Tuesday 20 February 2007

Closer

Mike Nichols' Closer is a very different film to the norm. Adapted by Patrick Marber from his own stage play it is concerned with the lives of four people and their changing relationships over time as jealously and insecurity tears them apart. Certainly cheery subject matter, but it is to Nichols' credit that it never gets too much and that there is a layer of humour to be found within that laces the tale well. The story is told in episodic form skipping unknown amounts of time, cleverly never telling the audience more than you need to know and allowing you t fill in the blanks yourself. The performances throughout are excellent with Natalie Portman shining in a very different role to normal.

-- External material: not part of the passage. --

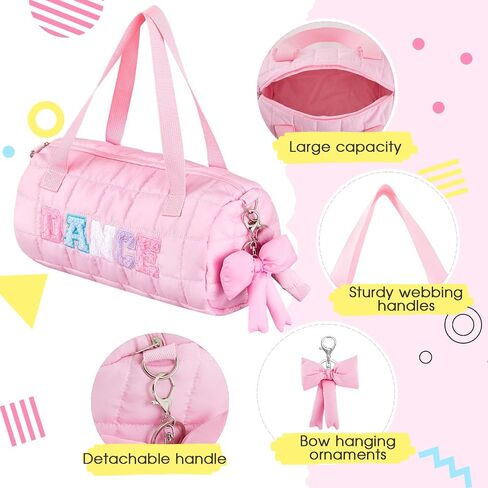 Quilted Puffer Ballet Dance Bag Cute Tote Bag with Hanging Bow Pendant for Travel Dancing Dress in Saudi Arabia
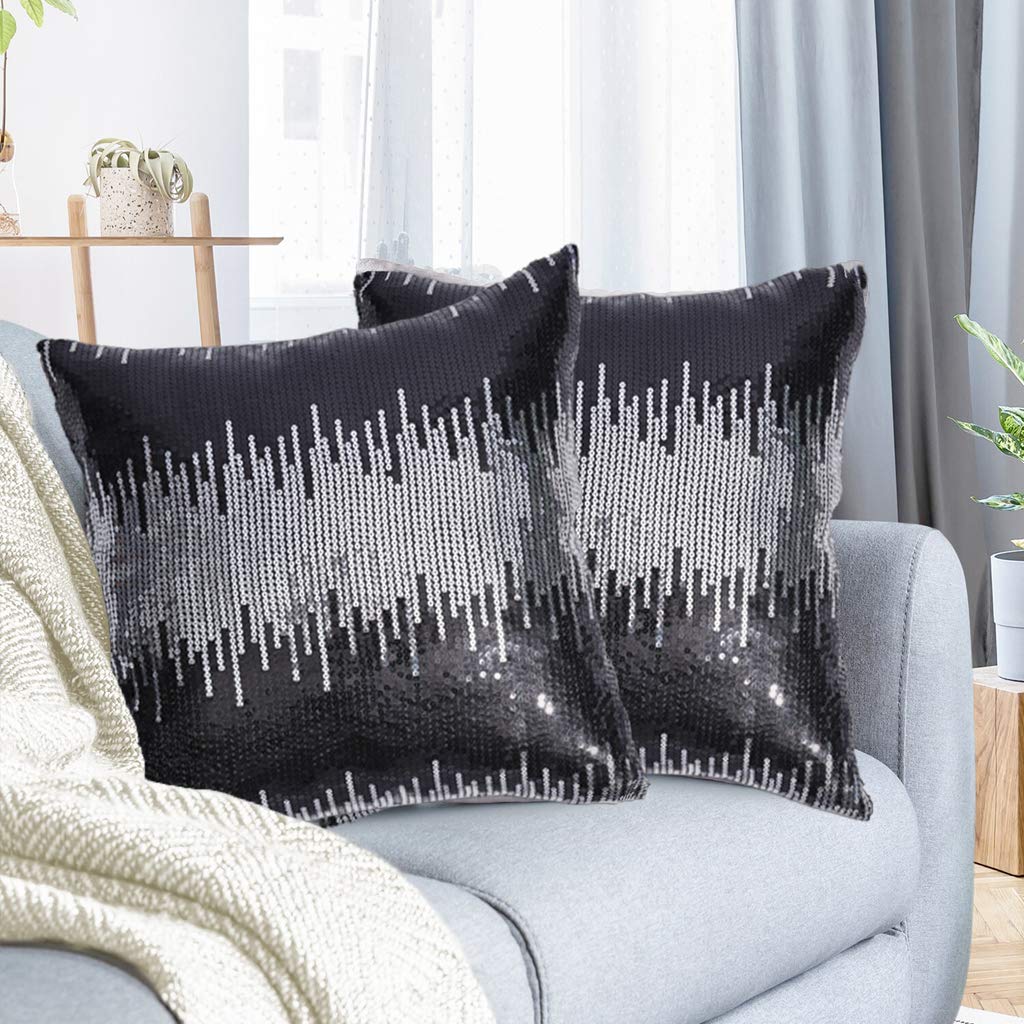 Sparkly Throw Pillow Covers Set of 2 - 18x18 Inch Black Silver Decorative Cushion Cases for Sofa, Couch & Home Decor - Perfect for Living Room, Bedroom & Gift Giving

Julia Roberts is the weak link in the chain though with another variation on the same character she usually plays, more hurt and restrained yes, but I never totally bought her character. The characters themselves are well realised and very human and many of the situations are well played. The main trouble is that they are all rather unlikeable. Jude Law plays a smarmy insecure failed writer, Clive Owen's doctor is the most tragic and repulsive, he longs for true connection but is a victim of his own primal instincts. Natalie Portman plays deep hurt better than most actresses and her character hides true scars, and despite being the youngest, is the most aware of reality of the four. They all strive for happiness and believe it can come but she sees that as they are, it will always elude them. The film is quite slow and at first the characters failed to convince and grip but the ending is good and this is a quality piece of work that falls at one crucial stage: for a film about love and relationships it lacks what should be at the centre, heart. The character speak of love out of habit and conditioning not out of passion or kindness. They act selfishly hiding behind love as defence and reason and so never truly show it. Deliberate or not this leaves an emotional hole in the film and one it never quite manages to cover. We just don't care about these people enough and so you leave rather detached and cold. This may be the state of modern relationships, but it leaves the film lacking where really it should be focusing. A different and dramatic look at modern relationships that is well made and suberbly acted, but is so cynical that it ends up failing to draw you to these characters, who all lack that most important element of life - soul.